The kernel starts putting messages into the printk buffer as soon as it starts. They stay buffered there until the console code has a chance to initialize the console device (often the serial port for embedded devices). Eve though these messages are no printed before the hang, it is still possible in some circumstances to dump the printk buffer and see the messages.
Quinn Jensen writes:
Something I've found handy when the console is silent is to dump the printk buffer from the boot loader. To do it you have to know how your boot loader maps memory compared to the kernel.

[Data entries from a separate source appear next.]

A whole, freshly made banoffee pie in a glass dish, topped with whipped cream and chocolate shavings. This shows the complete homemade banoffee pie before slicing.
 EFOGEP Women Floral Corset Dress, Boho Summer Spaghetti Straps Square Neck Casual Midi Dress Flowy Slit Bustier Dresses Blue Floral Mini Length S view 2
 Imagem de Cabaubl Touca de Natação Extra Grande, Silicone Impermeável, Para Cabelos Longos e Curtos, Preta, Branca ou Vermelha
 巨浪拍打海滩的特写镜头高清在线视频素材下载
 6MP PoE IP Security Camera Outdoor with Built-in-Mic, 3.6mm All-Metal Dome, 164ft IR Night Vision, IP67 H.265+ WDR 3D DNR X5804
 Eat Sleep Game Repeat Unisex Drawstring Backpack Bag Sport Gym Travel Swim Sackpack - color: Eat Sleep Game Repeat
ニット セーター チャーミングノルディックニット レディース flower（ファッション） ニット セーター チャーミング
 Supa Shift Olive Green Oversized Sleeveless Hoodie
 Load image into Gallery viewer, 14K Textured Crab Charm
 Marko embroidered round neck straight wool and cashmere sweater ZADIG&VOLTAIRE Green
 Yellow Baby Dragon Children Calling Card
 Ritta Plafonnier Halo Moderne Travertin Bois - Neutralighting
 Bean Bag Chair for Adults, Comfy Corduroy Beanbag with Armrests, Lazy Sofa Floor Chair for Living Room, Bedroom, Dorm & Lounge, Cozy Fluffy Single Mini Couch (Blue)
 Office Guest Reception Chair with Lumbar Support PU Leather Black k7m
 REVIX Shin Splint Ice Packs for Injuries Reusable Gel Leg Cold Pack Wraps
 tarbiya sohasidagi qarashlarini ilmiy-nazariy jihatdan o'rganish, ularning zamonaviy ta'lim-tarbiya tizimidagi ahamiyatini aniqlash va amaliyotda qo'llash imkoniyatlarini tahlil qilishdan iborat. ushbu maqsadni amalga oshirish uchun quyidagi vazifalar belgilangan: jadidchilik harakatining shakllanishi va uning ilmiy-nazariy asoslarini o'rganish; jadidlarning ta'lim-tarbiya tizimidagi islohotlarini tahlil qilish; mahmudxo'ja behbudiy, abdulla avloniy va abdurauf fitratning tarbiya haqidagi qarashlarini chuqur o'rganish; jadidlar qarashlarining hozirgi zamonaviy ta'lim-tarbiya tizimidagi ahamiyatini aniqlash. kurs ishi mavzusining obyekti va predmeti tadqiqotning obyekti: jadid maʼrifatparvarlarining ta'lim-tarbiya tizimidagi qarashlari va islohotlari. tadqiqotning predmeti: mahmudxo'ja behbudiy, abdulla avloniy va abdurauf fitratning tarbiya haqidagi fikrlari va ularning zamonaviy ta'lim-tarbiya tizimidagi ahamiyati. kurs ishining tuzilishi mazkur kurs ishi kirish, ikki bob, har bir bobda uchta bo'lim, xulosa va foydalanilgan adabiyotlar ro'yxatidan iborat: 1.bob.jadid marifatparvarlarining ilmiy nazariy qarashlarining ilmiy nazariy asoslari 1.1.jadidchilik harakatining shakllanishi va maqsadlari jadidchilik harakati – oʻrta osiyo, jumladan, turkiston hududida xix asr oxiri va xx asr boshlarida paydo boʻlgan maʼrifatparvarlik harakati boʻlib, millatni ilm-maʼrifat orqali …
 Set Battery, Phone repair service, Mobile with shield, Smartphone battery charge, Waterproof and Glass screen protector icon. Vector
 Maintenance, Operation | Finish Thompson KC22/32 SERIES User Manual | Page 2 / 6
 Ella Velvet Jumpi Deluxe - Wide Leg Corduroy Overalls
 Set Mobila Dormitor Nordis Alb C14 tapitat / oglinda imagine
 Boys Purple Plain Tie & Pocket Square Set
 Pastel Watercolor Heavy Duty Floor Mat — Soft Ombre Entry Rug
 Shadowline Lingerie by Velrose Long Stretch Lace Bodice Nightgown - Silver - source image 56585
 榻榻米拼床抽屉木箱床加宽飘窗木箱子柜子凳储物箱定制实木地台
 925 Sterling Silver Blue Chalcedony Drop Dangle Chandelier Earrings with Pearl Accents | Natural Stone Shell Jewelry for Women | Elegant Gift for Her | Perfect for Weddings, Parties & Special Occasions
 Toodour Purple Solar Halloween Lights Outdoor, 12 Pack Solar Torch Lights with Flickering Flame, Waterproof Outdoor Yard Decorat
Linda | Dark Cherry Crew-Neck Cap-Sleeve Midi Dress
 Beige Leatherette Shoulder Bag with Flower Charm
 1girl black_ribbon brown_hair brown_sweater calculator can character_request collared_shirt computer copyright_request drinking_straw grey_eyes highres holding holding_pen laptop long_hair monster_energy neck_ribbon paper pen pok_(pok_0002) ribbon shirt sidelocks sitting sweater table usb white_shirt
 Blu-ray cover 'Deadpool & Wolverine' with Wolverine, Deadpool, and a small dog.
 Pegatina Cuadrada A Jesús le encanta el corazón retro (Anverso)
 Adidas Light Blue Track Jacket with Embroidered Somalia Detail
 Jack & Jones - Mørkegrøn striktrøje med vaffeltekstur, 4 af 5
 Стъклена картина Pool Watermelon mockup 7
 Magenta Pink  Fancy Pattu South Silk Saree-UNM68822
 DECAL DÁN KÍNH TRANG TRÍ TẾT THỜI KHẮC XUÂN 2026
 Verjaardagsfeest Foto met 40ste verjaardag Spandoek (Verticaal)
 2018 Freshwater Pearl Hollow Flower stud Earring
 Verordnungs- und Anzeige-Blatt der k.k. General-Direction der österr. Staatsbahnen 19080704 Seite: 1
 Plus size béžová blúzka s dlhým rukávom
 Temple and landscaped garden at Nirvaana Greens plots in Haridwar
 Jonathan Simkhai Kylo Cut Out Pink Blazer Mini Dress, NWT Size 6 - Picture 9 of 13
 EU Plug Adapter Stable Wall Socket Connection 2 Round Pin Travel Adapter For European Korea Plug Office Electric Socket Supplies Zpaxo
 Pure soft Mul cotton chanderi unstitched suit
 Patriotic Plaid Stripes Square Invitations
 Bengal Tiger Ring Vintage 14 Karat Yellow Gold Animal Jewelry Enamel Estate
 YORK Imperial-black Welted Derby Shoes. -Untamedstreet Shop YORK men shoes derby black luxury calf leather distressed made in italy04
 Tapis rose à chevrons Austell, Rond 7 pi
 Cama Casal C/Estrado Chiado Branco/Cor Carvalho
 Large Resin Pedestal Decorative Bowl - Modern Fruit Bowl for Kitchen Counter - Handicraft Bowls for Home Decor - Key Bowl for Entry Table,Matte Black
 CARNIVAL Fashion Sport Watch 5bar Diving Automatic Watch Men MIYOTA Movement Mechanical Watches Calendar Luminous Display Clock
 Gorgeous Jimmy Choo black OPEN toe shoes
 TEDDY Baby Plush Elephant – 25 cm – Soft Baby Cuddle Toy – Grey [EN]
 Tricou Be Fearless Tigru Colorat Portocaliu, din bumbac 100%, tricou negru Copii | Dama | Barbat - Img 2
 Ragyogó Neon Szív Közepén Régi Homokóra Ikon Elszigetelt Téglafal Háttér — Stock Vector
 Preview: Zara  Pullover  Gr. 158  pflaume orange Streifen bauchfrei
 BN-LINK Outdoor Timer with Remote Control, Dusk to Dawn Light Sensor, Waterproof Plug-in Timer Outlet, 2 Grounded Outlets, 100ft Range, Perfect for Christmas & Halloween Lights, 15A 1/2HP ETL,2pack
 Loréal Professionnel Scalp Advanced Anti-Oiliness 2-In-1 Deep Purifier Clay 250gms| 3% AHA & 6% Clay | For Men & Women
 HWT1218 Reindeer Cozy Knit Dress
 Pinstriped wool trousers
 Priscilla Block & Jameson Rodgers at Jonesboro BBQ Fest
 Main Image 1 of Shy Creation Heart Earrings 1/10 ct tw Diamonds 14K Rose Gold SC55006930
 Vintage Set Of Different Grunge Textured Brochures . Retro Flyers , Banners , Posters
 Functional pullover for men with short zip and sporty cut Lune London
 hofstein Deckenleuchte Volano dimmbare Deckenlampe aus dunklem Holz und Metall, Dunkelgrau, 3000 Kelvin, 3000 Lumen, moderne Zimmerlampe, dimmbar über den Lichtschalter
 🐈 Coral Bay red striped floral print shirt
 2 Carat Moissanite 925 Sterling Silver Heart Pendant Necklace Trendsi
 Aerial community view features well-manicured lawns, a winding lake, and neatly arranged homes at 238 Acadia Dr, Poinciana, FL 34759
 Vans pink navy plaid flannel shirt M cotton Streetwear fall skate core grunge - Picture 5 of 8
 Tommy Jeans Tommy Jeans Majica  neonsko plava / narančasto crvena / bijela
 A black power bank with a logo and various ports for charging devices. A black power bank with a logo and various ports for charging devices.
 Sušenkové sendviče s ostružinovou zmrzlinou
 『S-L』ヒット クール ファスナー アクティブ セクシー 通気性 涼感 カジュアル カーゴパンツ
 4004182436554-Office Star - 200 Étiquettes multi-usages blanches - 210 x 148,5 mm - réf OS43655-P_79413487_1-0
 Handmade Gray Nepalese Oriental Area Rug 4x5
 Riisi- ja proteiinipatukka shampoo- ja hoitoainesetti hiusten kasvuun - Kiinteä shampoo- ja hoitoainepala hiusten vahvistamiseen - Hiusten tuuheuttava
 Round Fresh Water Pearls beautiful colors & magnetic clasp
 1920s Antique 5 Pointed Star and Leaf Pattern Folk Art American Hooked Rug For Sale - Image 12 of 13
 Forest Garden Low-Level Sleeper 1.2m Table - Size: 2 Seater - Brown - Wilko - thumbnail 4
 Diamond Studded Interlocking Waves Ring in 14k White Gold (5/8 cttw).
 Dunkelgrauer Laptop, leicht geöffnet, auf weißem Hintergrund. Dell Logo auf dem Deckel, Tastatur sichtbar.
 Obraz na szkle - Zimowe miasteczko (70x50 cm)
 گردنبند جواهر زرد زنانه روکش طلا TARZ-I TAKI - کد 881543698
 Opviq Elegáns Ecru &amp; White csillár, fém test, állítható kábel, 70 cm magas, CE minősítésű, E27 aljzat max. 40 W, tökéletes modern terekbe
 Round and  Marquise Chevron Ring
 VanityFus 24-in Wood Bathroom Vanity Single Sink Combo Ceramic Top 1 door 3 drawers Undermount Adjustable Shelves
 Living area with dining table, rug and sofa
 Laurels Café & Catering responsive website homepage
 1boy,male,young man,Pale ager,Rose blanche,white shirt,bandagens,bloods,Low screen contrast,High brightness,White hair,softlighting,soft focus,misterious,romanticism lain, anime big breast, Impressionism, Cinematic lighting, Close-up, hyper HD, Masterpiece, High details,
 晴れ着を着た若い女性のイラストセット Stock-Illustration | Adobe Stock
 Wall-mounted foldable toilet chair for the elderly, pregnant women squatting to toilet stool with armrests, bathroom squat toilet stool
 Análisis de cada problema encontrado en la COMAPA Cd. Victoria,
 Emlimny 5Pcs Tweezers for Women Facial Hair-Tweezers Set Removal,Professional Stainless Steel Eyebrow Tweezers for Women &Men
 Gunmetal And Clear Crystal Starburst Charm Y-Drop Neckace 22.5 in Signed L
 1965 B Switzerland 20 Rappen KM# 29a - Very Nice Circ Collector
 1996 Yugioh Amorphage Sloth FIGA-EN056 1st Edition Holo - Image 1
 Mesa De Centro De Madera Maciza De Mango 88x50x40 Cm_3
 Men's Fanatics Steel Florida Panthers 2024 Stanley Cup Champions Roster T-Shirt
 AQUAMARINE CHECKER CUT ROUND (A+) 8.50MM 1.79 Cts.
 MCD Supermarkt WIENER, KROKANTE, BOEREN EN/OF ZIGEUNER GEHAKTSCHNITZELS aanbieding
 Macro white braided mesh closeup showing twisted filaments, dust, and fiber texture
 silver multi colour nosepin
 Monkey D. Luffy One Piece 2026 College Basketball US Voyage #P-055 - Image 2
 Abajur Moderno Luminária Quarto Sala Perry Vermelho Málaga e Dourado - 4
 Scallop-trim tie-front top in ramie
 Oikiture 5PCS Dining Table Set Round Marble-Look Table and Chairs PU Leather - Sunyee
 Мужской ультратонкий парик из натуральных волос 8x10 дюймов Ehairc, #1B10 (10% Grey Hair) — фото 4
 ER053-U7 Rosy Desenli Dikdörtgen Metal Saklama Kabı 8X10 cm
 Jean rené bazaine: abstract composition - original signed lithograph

Redboot example on a Freescale ADS board
Quinn says: Here's what I do with Redboot on i.MX31:
fgrep printk_buf System.map
this shows the linked address of the printk_buf, e.g.:
c02338f0 b printk_buf.16194
The address "c02338f0" is in kernel virtual, which, in the case of i.MX31 ADS, redboot will have mapped to 0x802338f0. So, after resetting the target board, but without letting it try to boot again, at the redboot prompt,
dump -b 0x802338f0 -l 10000
And you see the printk buffer that never got flushed to the UART. Knowing what's there can be very useful in debugging your console.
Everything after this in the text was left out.